A big thumbs up for the chicken lovers… Quick to make and delectable too…
Treat yourself with this mind-boggling appetizer, crisp from the outside with a burst of flavour of Basil and Pine-nut pesto….
Preparation Time: 20 minutes
Cooking Time: 08 minutes
Makes: 12 Balls
Ingredients and Quantity:
Arborio rice, cooked and cooled / Leftover Risotto- 1 ½ cups
Fresh Basil and pine-nut pesto, thick- ½ cup
Salt- To taste
Grilled Herbed Chicken breast, minced- 01 no. small
Mozzarella, cut into 12 cubes- 24 gm. / or more as desired
All-purpose flour- 01 cup
Egg- 01 no
Panko bread crumbs- 01 cup
Peanut Oil / Vegetable Oil- to deep fry
In a large glass bowl, combine to together the cooked Arborio rice and pesto. Add salt to taste.
Divide the rice into 12 equal portions.
Place the blended mixture on your palm; place a small cube of mozzarella, ½ spoon of minced chicken, ensuring that the cheese and chicken are completely encased in the rice ball.

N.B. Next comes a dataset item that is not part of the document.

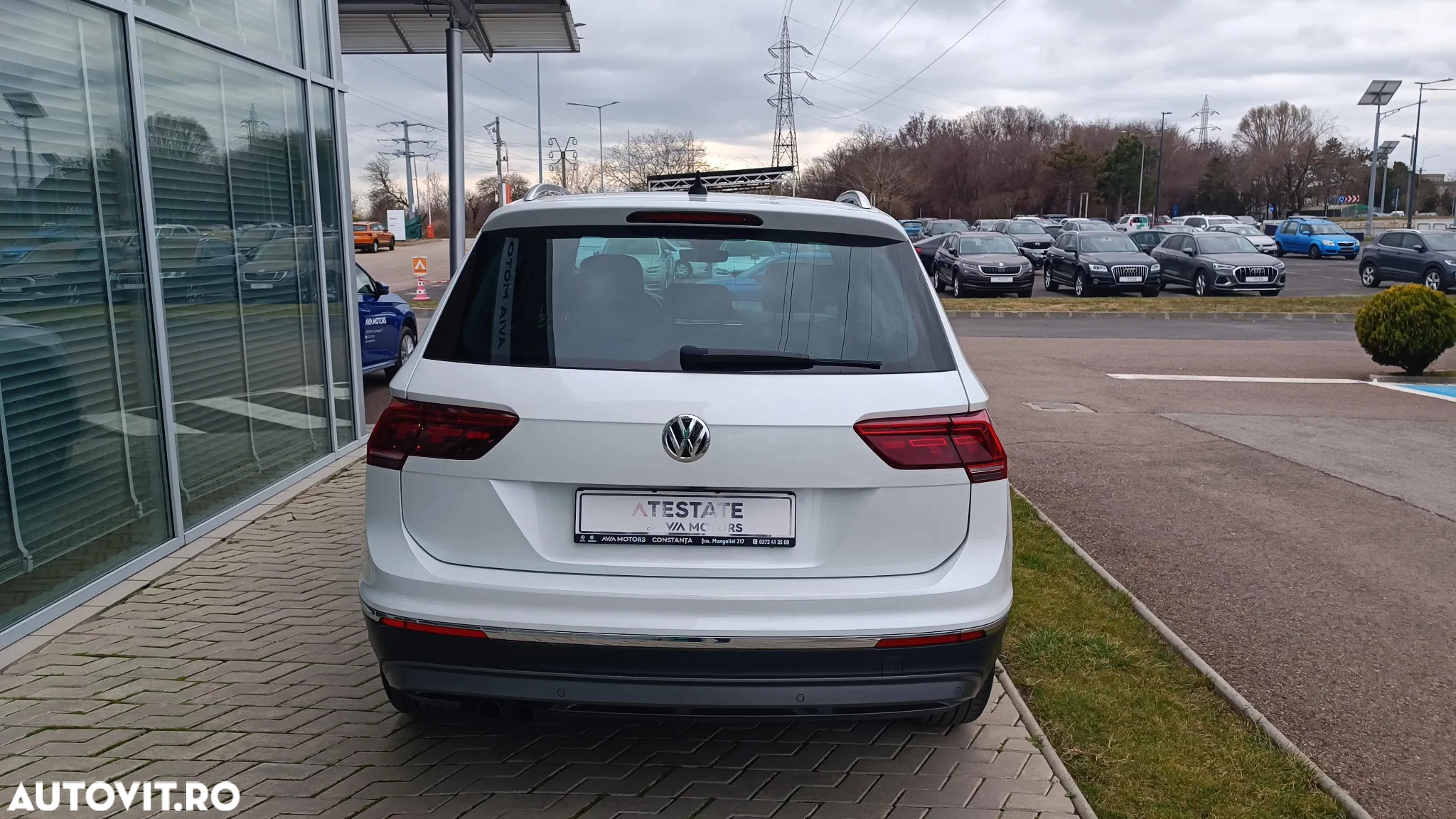 Volkswagen Tiguan 2.0 TDI 4Mot DSG Highline - 7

Place on a Parchment paper.
Place it in the freezer for 05 minutes to get a firmer Texture.
Prepare three bowls, one bowl with all-purpose flour, one with whisked seasoned egg and panko bread crumbs in the third bowl .

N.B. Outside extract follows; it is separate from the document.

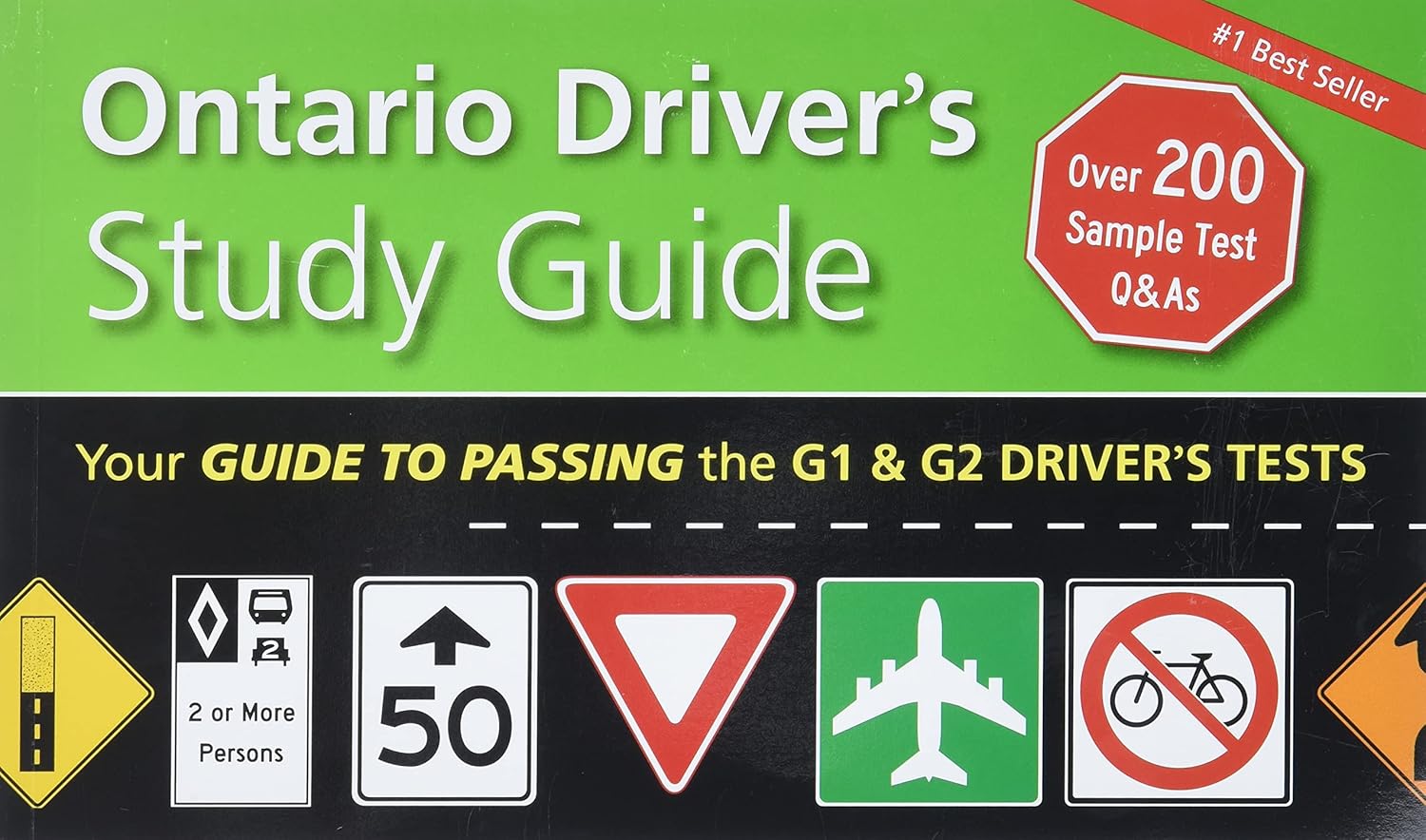 Ontario Drivers Study Guide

In a deep non-stick pan, heat the oil.
Dredge the balls each one by one in flour, then egg and then in panko bread crumbs.
Gently drop 06 balls in the hot oil and ensure that it is lightly browned from all the sides.

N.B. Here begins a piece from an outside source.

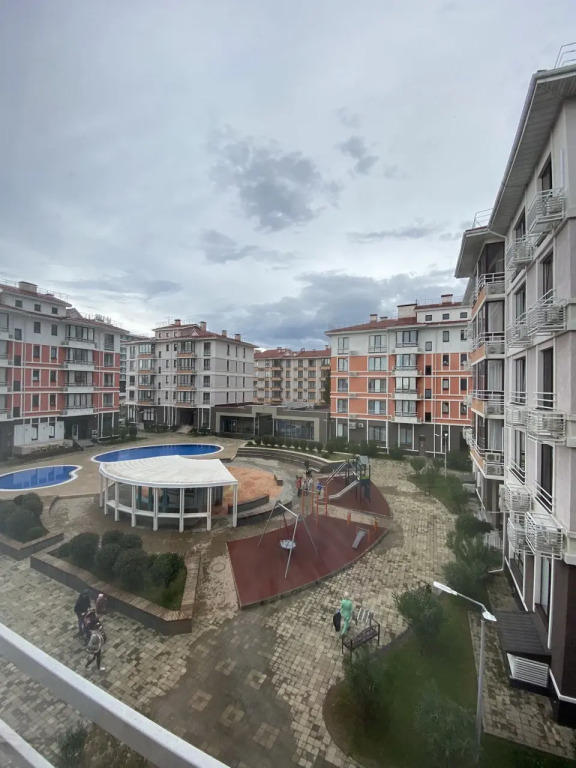Апартаменты Sea Side 5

With the help of a perforated spoon remove the balls and place on the absorbent paper to remove excess of oil.
Repeat the process for the left over Arancini.
Serve very hot with Marinara Sauce or any sauce of your choice
- Time saving tip: Make the risotto a day ahead of time and keep it the fridge until ready to use and all you’ll need to do the day of is to fry them when required.
- Time saving tip: You may use leftover risotto for making Arancini.